Dağılganlık, Anadolulu Türklerin karakteristik özelliklerinden biri ise, bir başka özellikleri eğilip bükülmez direngenlikleri ve ayakta kalma becerileriydi –Yaşama arzusu(*). Sebahattin Ali’nin Kuyucaklı Yusuf için söyledikleri Türk “volkgeist”ı için de geçerlidir: “Esen bir sonbahar rüzgarı ölüme mahkum yaprakları koparamıyordu. Bu mini mini yeşil mevcudiyetler bile içlerinde bu kadar kuvvetli bir mücadele ve mukavemet kabiliyeti taşırken Kuyucaklı Yusuf’un böyle kötü düşüncelere dalması doğru olamazdı.”

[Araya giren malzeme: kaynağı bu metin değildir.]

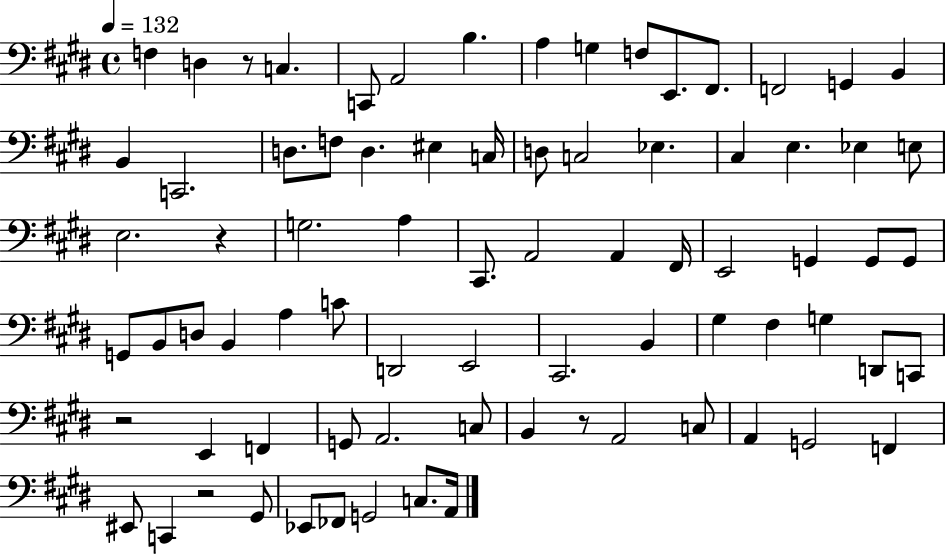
F3/q D3/q R/e C3/q. C2/e A2/h B3/q. A3/q G3/q F3/e E2/e. F#2/e. F2/h G2/q B2/q B2/q C2/h. D3/e. F3/e D3/q. EIS3/q C3/s D3/e C3/h Eb3/q. C#3/q E3/q. Eb3/q E3/e E3/h. R/q G3/h. A3/q C#2/e. A2/h A2/q F#2/s E2/h G2/q G2/e G2/e G2/e B2/e D3/e B2/q A3/q C4/e D2/h E2/h C#2/h. B2/q G#3/q F#3/q G3/q D2/e C2/e R/h E2/q F2/q G2/e A2/h. C3/e B2/q R/e A2/h C3/e A2/q G2/h F2/q EIS2/e C2/q R/h G#2/e Eb2/e FES2/e G2/h C3/e. A2/s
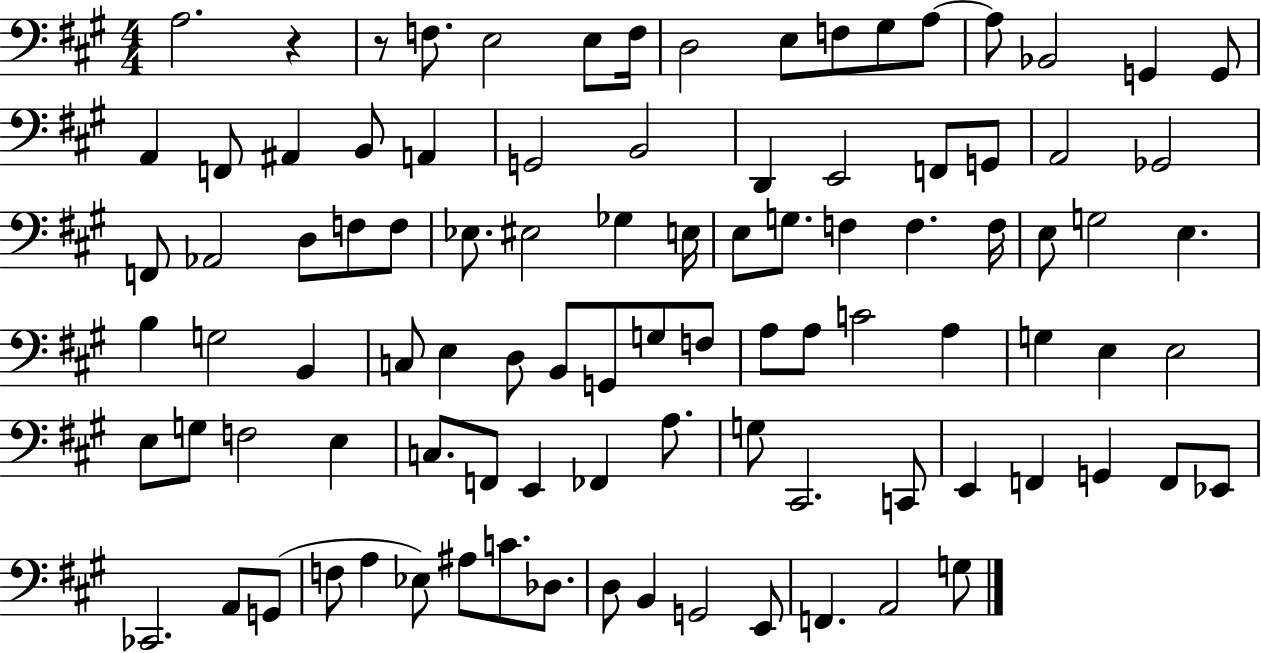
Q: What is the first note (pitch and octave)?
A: A3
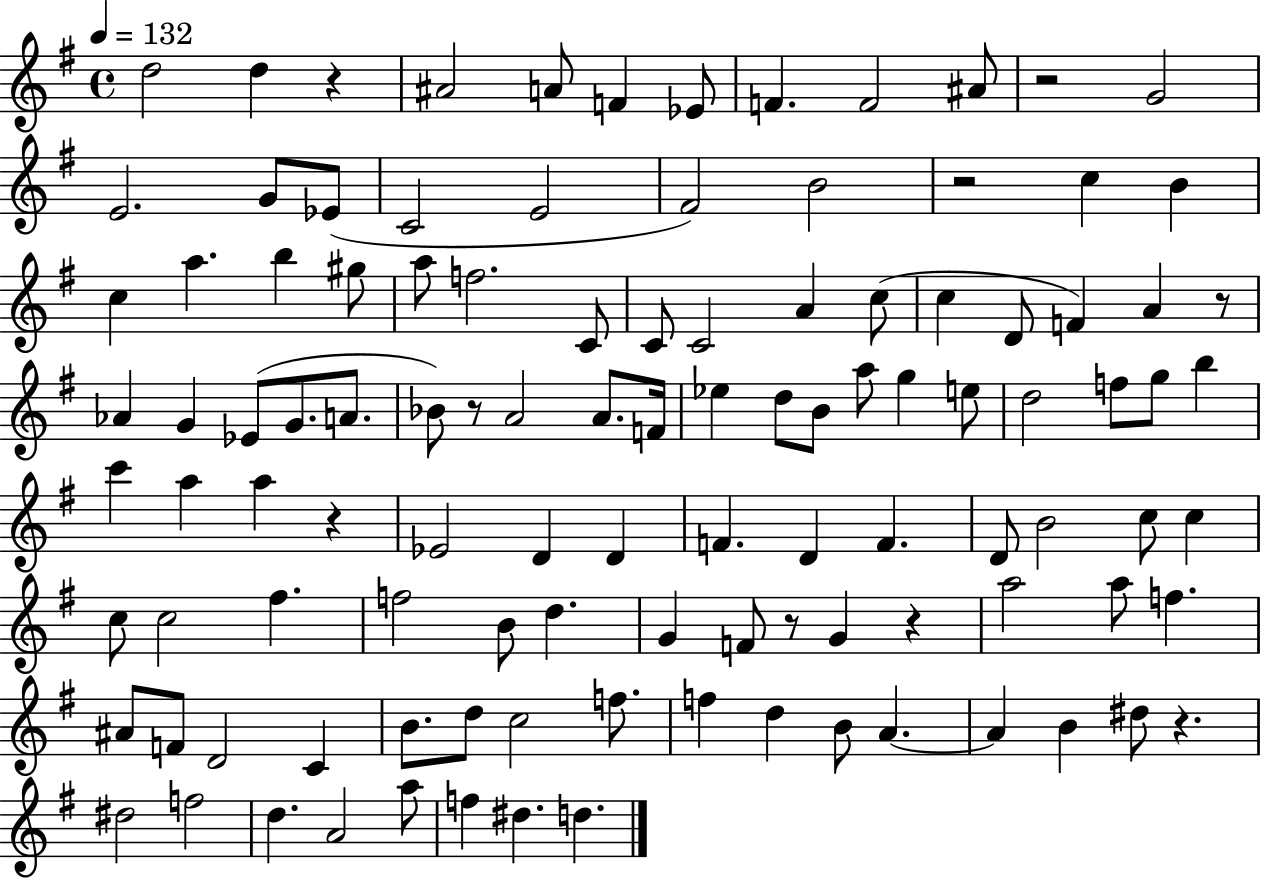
{
  \clef treble
  \time 4/4
  \defaultTimeSignature
  \key g \major
  \tempo 4 = 132
  d''2 d''4 r4 | ais'2 a'8 f'4 ees'8 | f'4. f'2 ais'8 | r2 g'2 | \break e'2. g'8 ees'8( | c'2 e'2 | fis'2) b'2 | r2 c''4 b'4 | \break c''4 a''4. b''4 gis''8 | a''8 f''2. c'8 | c'8 c'2 a'4 c''8( | c''4 d'8 f'4) a'4 r8 | \break aes'4 g'4 ees'8( g'8. a'8. | bes'8) r8 a'2 a'8. f'16 | ees''4 d''8 b'8 a''8 g''4 e''8 | d''2 f''8 g''8 b''4 | \break c'''4 a''4 a''4 r4 | ees'2 d'4 d'4 | f'4. d'4 f'4. | d'8 b'2 c''8 c''4 | \break c''8 c''2 fis''4. | f''2 b'8 d''4. | g'4 f'8 r8 g'4 r4 | a''2 a''8 f''4. | \break ais'8 f'8 d'2 c'4 | b'8. d''8 c''2 f''8. | f''4 d''4 b'8 a'4.~~ | a'4 b'4 dis''8 r4. | \break dis''2 f''2 | d''4. a'2 a''8 | f''4 dis''4. d''4. | \bar "|."
}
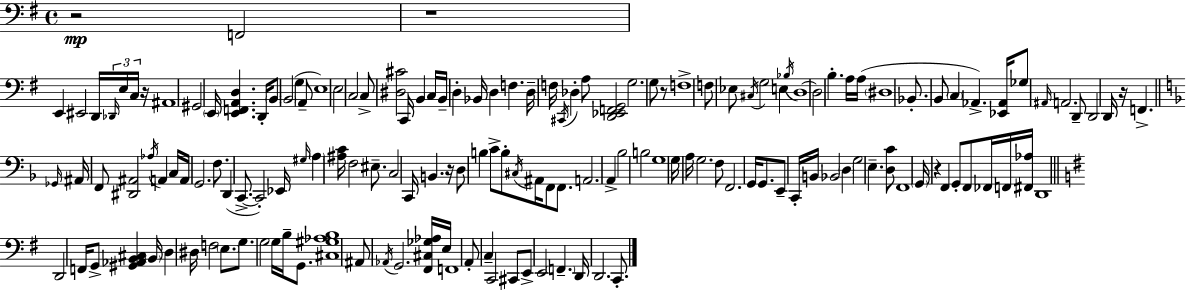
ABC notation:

X:1
T:Untitled
M:4/4
L:1/4
K:Em
z2 F,,2 z4 E,, ^E,,2 D,,/4 _D,,/4 E,/4 C,/4 z/4 ^A,,4 ^G,,2 E,,/4 [E,,F,,A,,D,] D,,/4 B,,/2 B,,2 G, A,,/2 E,4 E,2 C,2 C,/2 [^D,^C]2 C,,/4 B,, C,/4 B,,/4 D, _B,,/4 D, F, D,/4 F,/4 ^C,,/4 _D, A,/2 [D,,_E,,F,,G,,]2 G,2 G,/2 z/2 F,4 F,/2 _E,/2 ^C,/4 G,2 E, _B,/4 D,4 D,2 B, A,/4 A,/4 ^D,4 _B,,/2 B,,/2 C, _A,, [_E,,_A,,]/4 _G,/2 ^A,,/4 A,,2 D,,/2 D,,2 D,,/4 z/4 F,, _G,,/4 ^A,,/4 F,,/2 [^D,,^A,,]2 _A,/4 A,, C,/4 A,,/4 G,,2 F,/2 D,, C,,/2 C,,2 _E,,/4 ^G,/4 A, [^A,C]/4 F,2 ^E,/2 C,2 C,,/4 B,, z/4 D,/2 B, C/2 B,/2 ^C,/4 ^A,,/4 F,,/2 F,,/2 A,,2 A,, _B,2 B,2 G,4 G,/4 A,/4 G,2 F,/2 F,,2 G,,/4 G,,/2 E,,/2 C,,/4 B,,/4 _B,,2 D, G,2 E, [D,C]/2 F,,4 G,,/4 z F,, G,,/2 F,,/2 _F,,/4 F,,/4 [^F,,_A,]/4 D,,4 D,,2 F,,/4 G,,/2 [^G,,_A,,B,,^C,] B,,/4 D, ^D,/4 F,2 E,/2 G,/2 G,2 G,/4 B,/4 G,,/2 [^C,^G,_A,B,]4 ^A,,/2 _A,,/4 G,,2 [^F,,^C,_G,_A,]/4 E,/4 F,,4 A,,/2 C, C,,2 ^C,,/2 E,,/2 E,,2 F,, D,,/4 D,,2 C,,/2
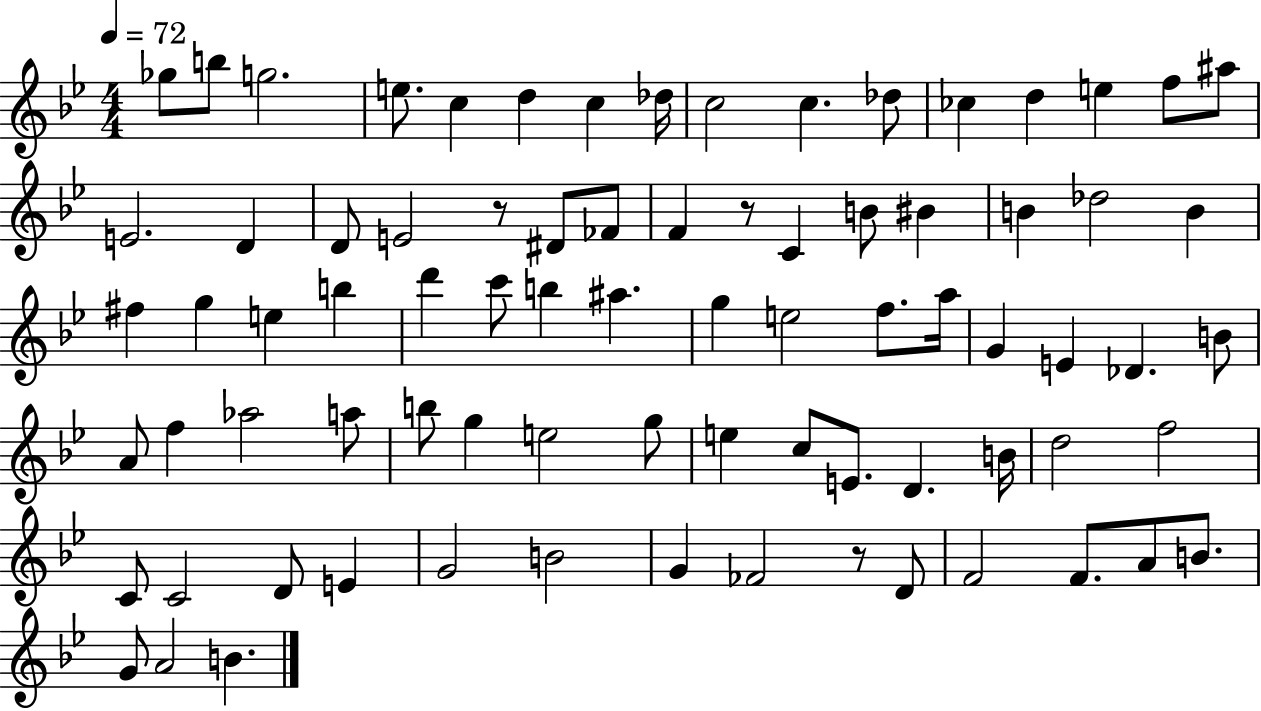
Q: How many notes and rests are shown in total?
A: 79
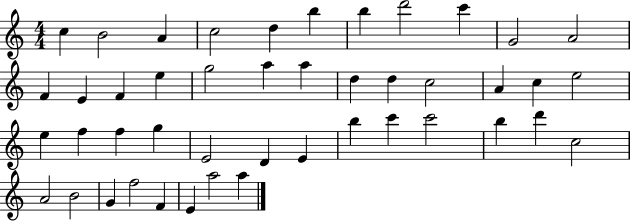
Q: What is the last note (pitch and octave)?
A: A5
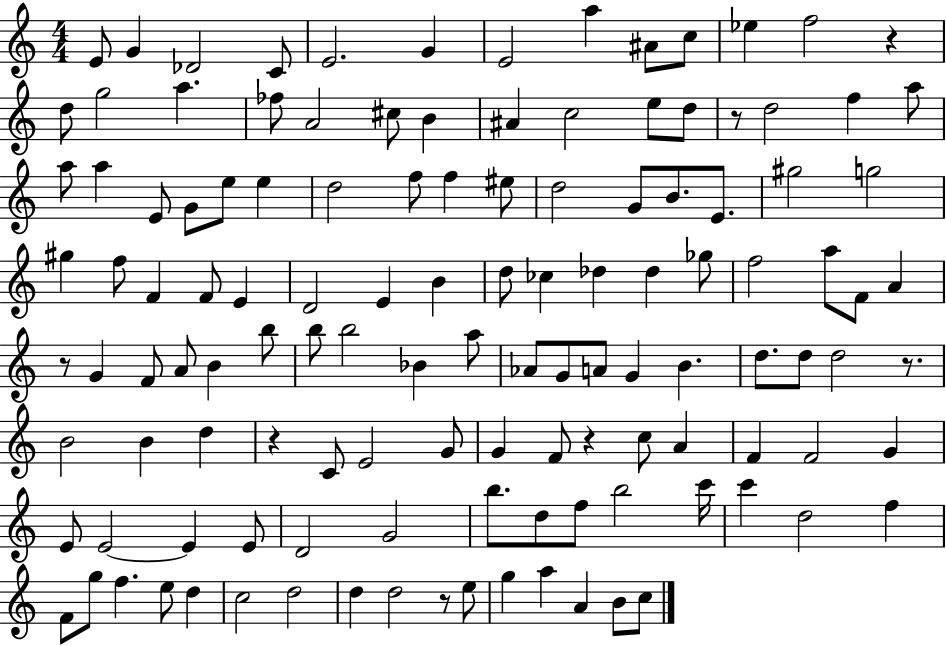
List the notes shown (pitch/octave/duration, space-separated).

E4/e G4/q Db4/h C4/e E4/h. G4/q E4/h A5/q A#4/e C5/e Eb5/q F5/h R/q D5/e G5/h A5/q. FES5/e A4/h C#5/e B4/q A#4/q C5/h E5/e D5/e R/e D5/h F5/q A5/e A5/e A5/q E4/e G4/e E5/e E5/q D5/h F5/e F5/q EIS5/e D5/h G4/e B4/e. E4/e. G#5/h G5/h G#5/q F5/e F4/q F4/e E4/q D4/h E4/q B4/q D5/e CES5/q Db5/q Db5/q Gb5/e F5/h A5/e F4/e A4/q R/e G4/q F4/e A4/e B4/q B5/e B5/e B5/h Bb4/q A5/e Ab4/e G4/e A4/e G4/q B4/q. D5/e. D5/e D5/h R/e. B4/h B4/q D5/q R/q C4/e E4/h G4/e G4/q F4/e R/q C5/e A4/q F4/q F4/h G4/q E4/e E4/h E4/q E4/e D4/h G4/h B5/e. D5/e F5/e B5/h C6/s C6/q D5/h F5/q F4/e G5/e F5/q. E5/e D5/q C5/h D5/h D5/q D5/h R/e E5/e G5/q A5/q A4/q B4/e C5/e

Bu dağılgan ve yayılgan örgütlenmede gitgide “Dede Korkut”un yapıştırıcı/birleştiriciliği zayıflayacak yerini azın azın yeni birleştiriciye, yapıştırıcıya bırakacaktır. Bu; gerek evrenin açıklanması gerekse karşılıklı iletişim kuşağındaki yerleşik ve göçebe, kentli ve kırsal sayısız halklar arasındaki ortak yaşamın düzenlenmesi için cazip, doyurucu ve bütünsel bir sistem olarak Orta Doğu merkezinden dışarıya yayılan İslamiyet’tir. Ve “Nasreddin Hoca” da bu dönüşüme uygun olarak biçimlenecektir.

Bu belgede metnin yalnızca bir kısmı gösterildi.